What I have just read is the 5th
story in the book, The Forsaken Woman, or La Femme Abandonnée.
Balzac is a “realist,” OK, but this is such a romantic story.
You discover who you are when you read, and especially when you
write, and it turns out that I have distinctly romantic tendencies.
I believe in love at first sight, for instance – does that qualify
me? I don't know.
I'm not sure whether it's the story or
the story-telling that entrances me; I guess it's both. I won't go
into the story-telling part, except that the man can write like no
one else, what they're thinking, what they're writing, how they size
up their alternatives, how what they say is just an opening for the
alternatives of the other, the chances they take.
Here's the story, and spoiler alert –
I'm doing the plot fully, including the shocking ending.
It's about 1832. Young Parisian baron
Gaston age 21 goes to Normandy for his health, finds older woman, age
30, countess, living in solitude there, perfect grace and manners and
intelligence, excluded from even provincial society for the sin of
having had intense love affair with married man who then abandons her
in murky circumstances, and for whom she continues to carry torch and
accuse society. The young man sees her briefly without meeting her,
falls intensely in love, inveigles himself to an interview at her
chateau, she is frank with him with knowledge they will never meet
again, he writes to her to declare his love, saying she either
accepts him or he leaves the country, she answers back that he is
being ridiculous and typical of his age and should stay and follow
his illustrious destiny, he says that choice she wishes for him is to
be a nobody and be ridiculous, she leaves area clandestinely but he
finds out and follows her to Lake Geneva, where she discovers that
this is what she was hoping for and they live together in
indescribable love and harmony for nine years when they need to come
back to France for family reasons, where they have adjoining estates
and live together but his mother objects and won't even meet her but
insists on introducing her son to a young rich airhead.
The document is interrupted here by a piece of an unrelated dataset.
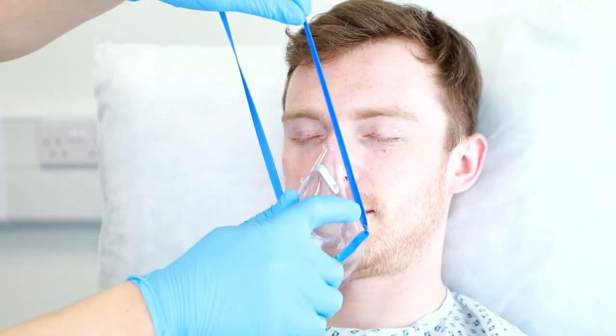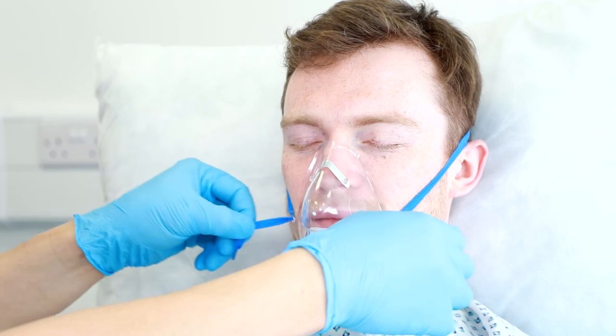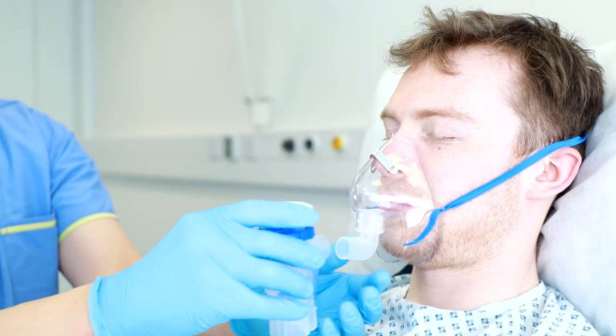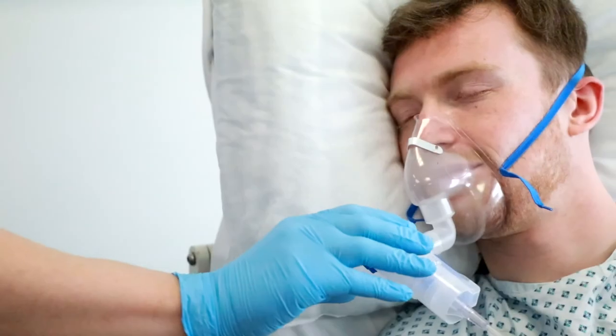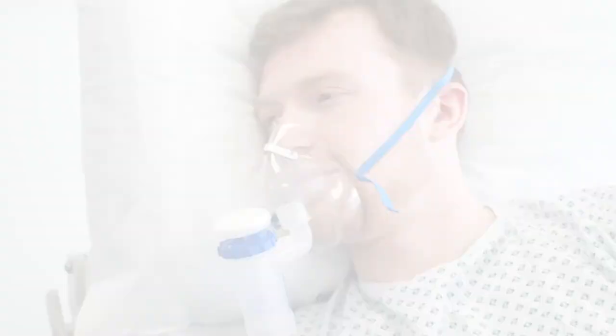When using a mask, position it on your face and pull the strap ends through the front of the mask to ensure a good fit. The mask is closed, so there is no accidental release of medication in the environment. Using the swivel elbow on the mask, the patient can receive therapy in various positions.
Countess
then writes letter to Gaston saying that at 40 she is washed up but
at 30 he still would have inestimable possibilities and she will let
him be free, he responds by saying no but she knows that his
phraseology means he is wavering and she sends letter back declaring
him free, and within two weeks he marries the airhead and she becomes
pregnant in one month, following which Gaston realizes he can't live
without the countess and sends her letters which she won't open, he
arrives clandestinely to her castle and sees her near-death distress,
enters the room and she threatens to jump to her death if he advances
farther, he returns home to his airhead and the estate and shoots
himself dead. Balzac observes that a wife may endure sharing a man
out of higher social considerations but a mistress must loathe it,
because in the purity of her love resides its entire justification.
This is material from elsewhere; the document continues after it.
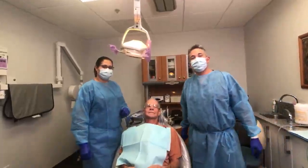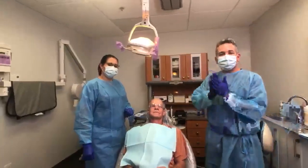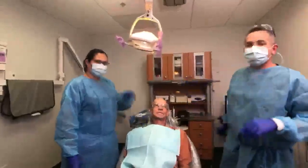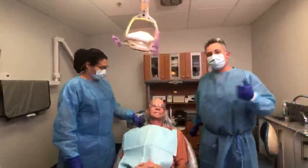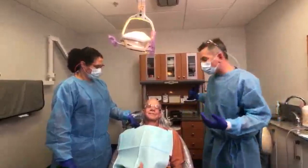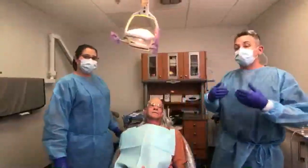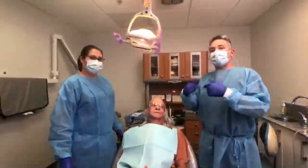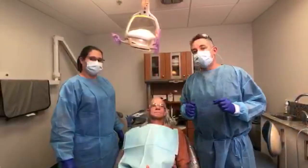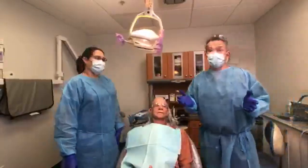We're coming live from Boynton Beach tonight to bring you an exciting event. We're going to do a single tooth dental implant on my buddy Zeke here. Our lovely film crew is joining us tonight. We're going to be doing a single tooth implant on a guy who's been our patient for a good number of years.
Reading this exquisitely written story
– if it weren't exquisitely written, who would care? --breaks my
heart. She is so wonderful and so is he. It is so romantic. What
am I, a girl? My father would kill me, my mother would look at me
askance, who knows who would take me seriously? What will I do,
watch soap operas next?
But I can't help it. I'm a sucker for
Casablanca, too, and for North by Northwest. Classy and romantic.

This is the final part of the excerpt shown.